Ces efforts ont considérablement réduit les temps d’attente pour les références et ont permis une fourniture plus efficace du traitement de la lèpre aux patients, ce qui a réduit le nombre de complications de santé graves chez les personnes atteintes de la lèpre au Népal. Le programme offre également aux patients souffrant de cas plus avancés une chirurgie reconstructive si nécessaire.

Comment Heal Nepal soutient les personnes atteintes de la lèpre au Népal

Heal Nepal a recruté de nombreuses femmes volontaires et les a formées pour identifier la lèpre, et grâce à leurs efforts, plus de 170 nouveaux malades de la lèpre ont été identifiés et ont reçu un traitement. Cela a réduit les niveaux de la maladie et empêché de nombreuses personnes de développer des incapacités à vie qui peuvent survenir à la suite d’une lèpre non traitée.

Parallèlement aux traitements facilement disponibles et très efficaces tels que la polychimiothérapie (le traitement recommandé par l’Organisation mondiale de la santé contre la lèpre), de nombreuses percées médicales ont été réalisées au cours de la dernière décennie qui aident les personnes handicapées causées par la lèpre. Les «mains griffues» ou les pieds tombants causés par des lésions nerveuses liées à la lèpre peuvent désormais être restaurés grâce à la chirurgie et à la physiothérapie, et la chirurgie reconstructive peut également restaurer les muscles des paupières, permettant aux personnes de cligner des yeux à nouveau. Les personnes dont les mains et les pieds sont endommagés par les nerfs sont également encouragées à vérifier quotidiennement s’il y a des coupures ou des brûlures et à se tremper régulièrement les mains et les pieds pour les rendre plus doux, ce qui aide à prévenir d’autres blessures qui pourraient entraîner une invalidité. Des chaussures de protection et des aides à la mobilité ont également été mises à la disposition de ceux qui en ont besoin, améliorant leur qualité de vie et leur permettant d’être plus autonomes.

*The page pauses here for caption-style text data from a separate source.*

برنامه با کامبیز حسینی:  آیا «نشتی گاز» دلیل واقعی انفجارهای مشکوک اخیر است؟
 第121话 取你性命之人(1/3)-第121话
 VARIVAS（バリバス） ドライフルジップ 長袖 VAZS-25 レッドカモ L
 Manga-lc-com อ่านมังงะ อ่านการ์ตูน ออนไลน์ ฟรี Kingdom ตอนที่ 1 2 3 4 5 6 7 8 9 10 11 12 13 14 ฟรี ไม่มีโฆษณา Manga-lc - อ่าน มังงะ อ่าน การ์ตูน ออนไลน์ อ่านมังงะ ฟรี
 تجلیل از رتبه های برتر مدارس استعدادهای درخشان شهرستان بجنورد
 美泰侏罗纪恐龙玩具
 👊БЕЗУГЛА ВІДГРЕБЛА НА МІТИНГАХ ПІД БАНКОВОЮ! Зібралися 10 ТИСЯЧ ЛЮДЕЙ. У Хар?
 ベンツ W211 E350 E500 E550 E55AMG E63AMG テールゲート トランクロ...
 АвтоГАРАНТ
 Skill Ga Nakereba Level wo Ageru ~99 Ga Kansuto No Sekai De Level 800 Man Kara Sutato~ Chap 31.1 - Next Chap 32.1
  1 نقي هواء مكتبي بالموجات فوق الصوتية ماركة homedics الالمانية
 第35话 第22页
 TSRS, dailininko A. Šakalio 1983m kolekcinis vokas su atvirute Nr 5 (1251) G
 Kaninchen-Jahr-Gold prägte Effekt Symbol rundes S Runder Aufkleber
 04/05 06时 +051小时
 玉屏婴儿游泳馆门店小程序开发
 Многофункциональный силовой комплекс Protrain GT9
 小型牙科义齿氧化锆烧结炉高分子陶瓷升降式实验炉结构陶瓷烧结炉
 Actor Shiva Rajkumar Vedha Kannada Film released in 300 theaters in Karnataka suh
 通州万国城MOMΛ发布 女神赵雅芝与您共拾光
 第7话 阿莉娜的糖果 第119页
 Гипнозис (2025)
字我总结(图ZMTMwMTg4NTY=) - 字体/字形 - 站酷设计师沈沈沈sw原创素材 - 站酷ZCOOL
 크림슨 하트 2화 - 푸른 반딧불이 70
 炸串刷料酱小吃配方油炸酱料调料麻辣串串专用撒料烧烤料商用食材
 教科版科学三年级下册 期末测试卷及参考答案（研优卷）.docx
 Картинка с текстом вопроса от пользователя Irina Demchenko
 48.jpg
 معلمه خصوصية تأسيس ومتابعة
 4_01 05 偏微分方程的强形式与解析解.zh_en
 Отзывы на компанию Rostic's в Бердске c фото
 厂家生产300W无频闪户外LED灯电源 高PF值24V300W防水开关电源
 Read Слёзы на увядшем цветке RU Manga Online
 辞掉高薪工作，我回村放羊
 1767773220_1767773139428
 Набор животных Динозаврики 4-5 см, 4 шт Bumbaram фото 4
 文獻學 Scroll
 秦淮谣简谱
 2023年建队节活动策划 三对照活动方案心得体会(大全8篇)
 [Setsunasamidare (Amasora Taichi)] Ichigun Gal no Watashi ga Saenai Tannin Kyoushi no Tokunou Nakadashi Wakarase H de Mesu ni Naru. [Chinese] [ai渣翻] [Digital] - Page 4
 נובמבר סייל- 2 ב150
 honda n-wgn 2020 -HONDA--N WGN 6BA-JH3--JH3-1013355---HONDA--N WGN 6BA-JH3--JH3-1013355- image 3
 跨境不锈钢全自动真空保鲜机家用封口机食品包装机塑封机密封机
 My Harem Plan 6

Non seulement Heal Nepal et The Leprosy Mission aident les personnes atteintes de la lèpre sur le plan physique, mais ces programmes contribuent également aux aspects sociaux de la lèpre et travaillent à mettre fin à la stigmatisation et à la peur entourant la lèpre en éduquant les personnes dans les communautés où la lèpre est courante. Ils offrent également des conseils et des groupes de soutien pour aider les personnes atteintes de la lèpre à se sentir moins seules et les aider à faire face aux aspects sociaux négatifs de la maladie.

Dans l’ensemble, la campagne Heal Nepal de The Leprosy Mission a contribué à réduire la transmission de la lèpre en identifiant et en diagnostiquant la maladie à un stade précoce. Cela a permis aux personnes atteintes de la maladie d’être traitées et guéries et a permis à de nombreuses personnes de retrouver un niveau de vie normal. Pour ceux dont les cas sont plus avancés, leur qualité de vie a également été améliorée grâce à une prise en charge médicale et sociale plus avancée.